Conservation implications and conclusions

Preservation of genetic diversity is one of the main objectives of conservation programmes (Frankham 2010; Allendorf et al. 2013; Oldenbroek 2017), and is aimed at maximizing either expected heterozygosity or allelic diversity. In fact, maximization of allelic diversity is considered to be more efficient in upholding genetic diversity of subdivided populations than maximization of expected heterozygosity because the former maintains a larger number of alleles and better control of inbreeding (López-Cortegano et al. 2019). Hence, the populations with higher allelic diversity can be prioritized for conservation either in situ or ex situ (Petit et al. 1998). Present study revealed a good level of gene diversity and significant genetic differentiation (among groups) in Q. semecarpifolia populations of the western Himalayas, with a center of diversity predicted at forest areas under Pithoragarh division, the eastern region of Uttarakhand extending towards Nepal. Spatial genetic clustering has exemplified two distinct gene pools of Q. semecarpifolia in western Himalayas, which are separated by numerous geographic and ecological barriers. Compared to horizontal geographic distance, altitudinal variation, environment heterogeneity, and landscape features play a significant role in shaping the distribution of genetic diversity.

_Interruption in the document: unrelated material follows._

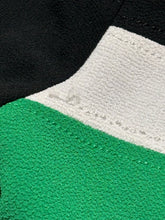 Load image into Gallery viewer, Karl Lagerfeld black/white/green dress -Hers size 4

The gene diversity is relatively high in the core populations of lower altitudinal range than the peripheral populations at high-altitude. Augmented gene flow from these genetically diverse and distinct populations needs to be considered as a way of increasing fitness and the adaptive potential of populations. In order to make best possible use of the high genetic diversity populations, it will be important to harvest acorns from these populations and used them to infuse the diversity in the populations with a narrow genetic base. Also, the highly diverse populations could serve as a source for the seed or planting material for establishment of ex situ field gene banks. Conversely, alleles of the smaller and degraded population could also be rescued by broadcasting their acorns into the large sink populations with broad genetic base.